Modi’s assault on Indian farmers

The Modi government has now introduced a series of new bills which aim to dismantle government control of crop prices


Syed Mohammad Ali October 01, 2020
The writer is a development anthropologist. He can be reached at ali@policy.hu

The Modi government’s high-handed and abrupt style of economic policymaking has become the subject of growing domestic discontent. Modi’s economic ambitions of making India ‘shine’ has its share of rich backers, who are increasing their wealth under his Hindutva rule. However, Modi’s economic vision has produced some disastrous results for poorer segments of Indian society despite all his populist rhetoric.

Following the surprise decision in 2016 to scrap old paper currency which decimated savings of poor people, and his sudden lockdown of Indian cities which stranded migrant workers, Modi’s latest attempt to reform the agricultural sector comes as bad news for the rural poor.

The liberalisation of the agricultural sector at the behest of lending agencies like the IMF and World Bank had led India to allow multinational agribusinesses like Monsanto to infiltrate the Indian rural sector with BT cotton in the late 1990s. The profusion of BT cotton enabled large and middle level Indian farmers to boost their agricultural yield.
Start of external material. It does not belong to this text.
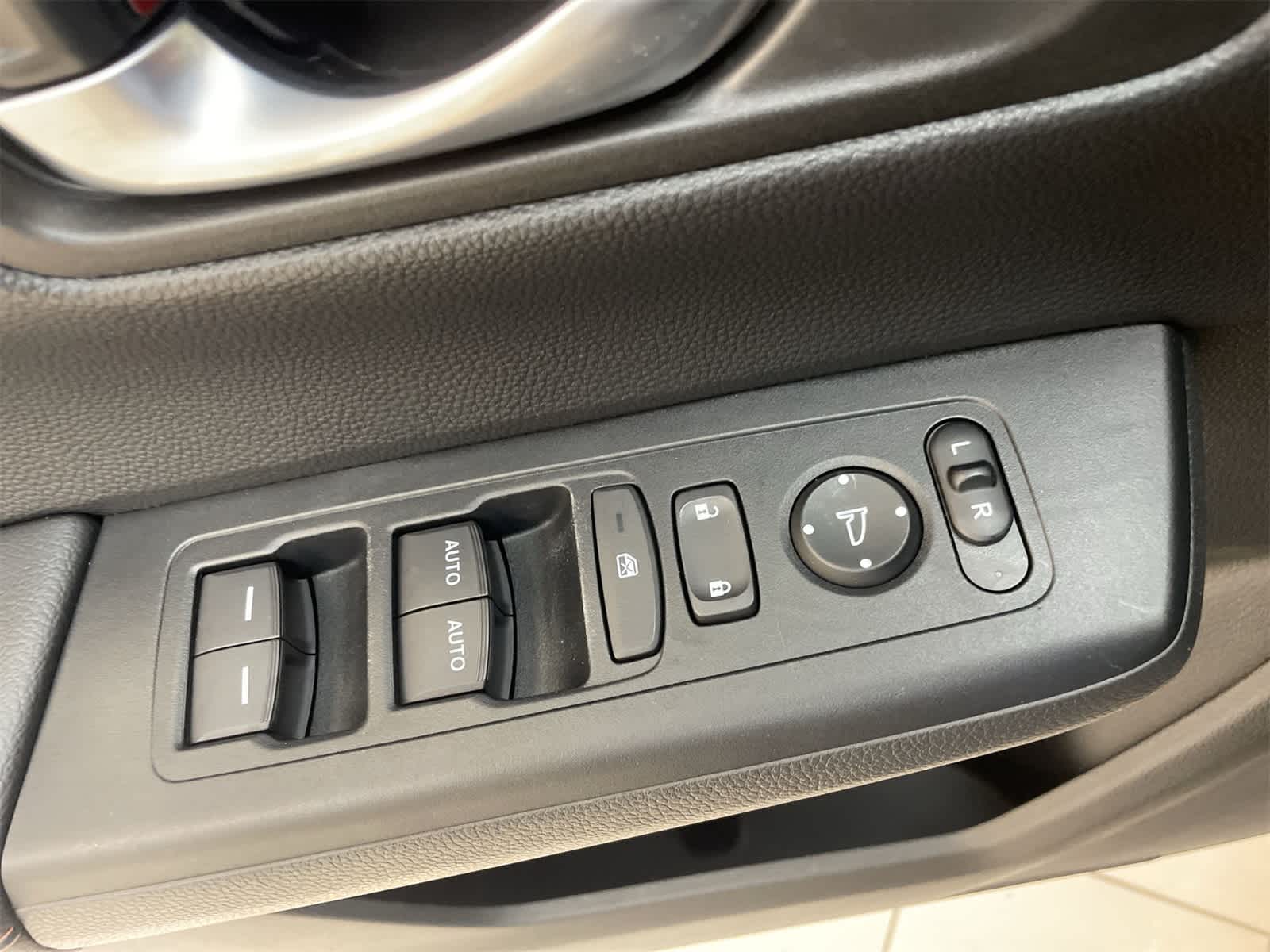 2024 Honda CR-V Sport 17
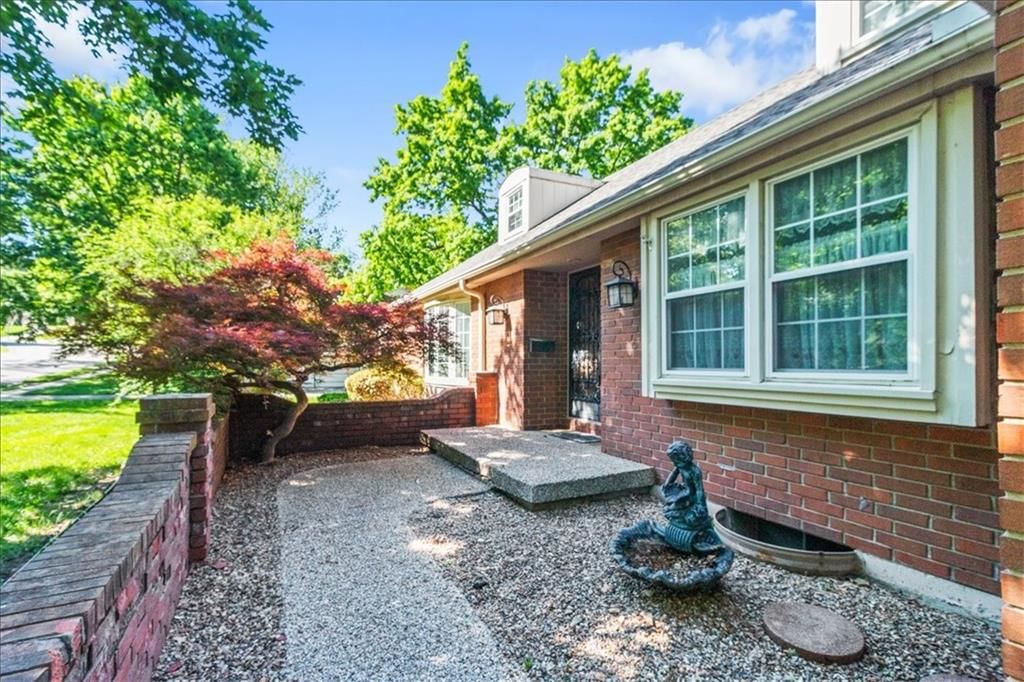3522 S Delaware Avenue — photo 4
Indian cotton exports also increased substantially over these past two and a half decades. However, poorer farmers who bought BT cotton seeds often became very indebted when they were unable to grow BT cotton according to stringent specifications or when climate change led to crop failure. Despite agricultural growth, farmer suicides have thus become a recurrent phenomenon in India.

The Modi government has now introduced a series of new bills which aim to dismantle government control of crop prices and allowing stable Indian crops to be sold to private domestic and international buyers. The Modi government is insisting that this new legislation will give farmers the option to sell their produce to private buyers but that the government will continue to buy staples such as rice and wheat at guaranteed prices. However, farmers are skeptical, and they are demanding assurances that government supported prices will continue.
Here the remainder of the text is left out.